Recouping over 25 percent of losses, oil prices rebounded on Friday on increasing expectations of production cut. Major oil producing nations may agree on production cuts to reduce oversupply situation and support oil falling oil prices. US Brent futures pared 6.8 percent losses and US crude recouped 9.3 percent losses during the week.
Oil prices fell to 12-month low in January and the latest speculation about a possible deal on production cut has infused fresh support to oil prices. The firm trend on stock markets also supported the oil price. The weak US gross domestic Product (GDP) numbers are also giving hopes that US Federal Reserve may slowdown on interest rate hike.
The four sessions of last week in January witnessed rally in oil future prices after a proposal from Organization of Petroleum Exporting Countries (OPEC) to reduce production boosted the market confidence, as reported by Reuters.

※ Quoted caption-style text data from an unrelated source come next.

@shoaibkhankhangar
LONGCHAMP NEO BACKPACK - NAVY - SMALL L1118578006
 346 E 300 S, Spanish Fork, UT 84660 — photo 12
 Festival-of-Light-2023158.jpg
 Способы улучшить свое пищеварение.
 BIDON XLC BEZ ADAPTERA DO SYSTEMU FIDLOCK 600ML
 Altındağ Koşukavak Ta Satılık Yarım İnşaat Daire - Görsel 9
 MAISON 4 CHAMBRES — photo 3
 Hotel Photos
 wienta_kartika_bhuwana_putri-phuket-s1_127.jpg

Russia, a non-OPEC oil producing nation also said that there was a proposal from OPEC on production cuts.
Brent future LCOc1, which expired on Friday, rose 85 cents or 2.5 percent to close at $34.74 a barrel. The oil price touched $27.10 on 20 January indicating lowest since November 2003. US crude CLc1 ended at $33.62 per barrel rising 40 cents or 1.2 percent. It showed high of $34.40 in the intra session. Brent rose 7.9 percent during the week and US crude gained 4.4 percent.
Brent recouped 6.8 percent losses and US crude pared 9.3 percent losses in January. However, the latest news reports stating Iran may not join the production cut have started impacting the trading at the end of session. Brent futures rose over 25 percent since 20 January as they gained in four sessions in a row, according to CNBC.
Russia has decided to visit the UAE and Oman to discuss further on oil production cut. The Crisis-hit Venezuela is also sending its minister to Russia and other OPEC nations to have detailed discussions on production cuts and price support.
Though oil futures gained for second week, analysts feel that these gains only impacted what has been another discouraging month for oil prices. The US benchmark fell over nine percent owing to oversupply of crude oil. The concerns about Chinese economy slowdown also further worsened the situation. Oil prices fell for third month suffering losses of about 28 percent, reports Market Watch.
John Kilduff, partner at Again Capital LLC in New York, said: "The market has rewarded these statements about the possibility of a deal, even though I think it's ridiculous. Iran and Iraq were determined to boost production and were unlikely to come together with Saudi Arabia to cut OPEC output. The Saudis have made no official statement on a deal. This is a rally on false hopes, unfortunately."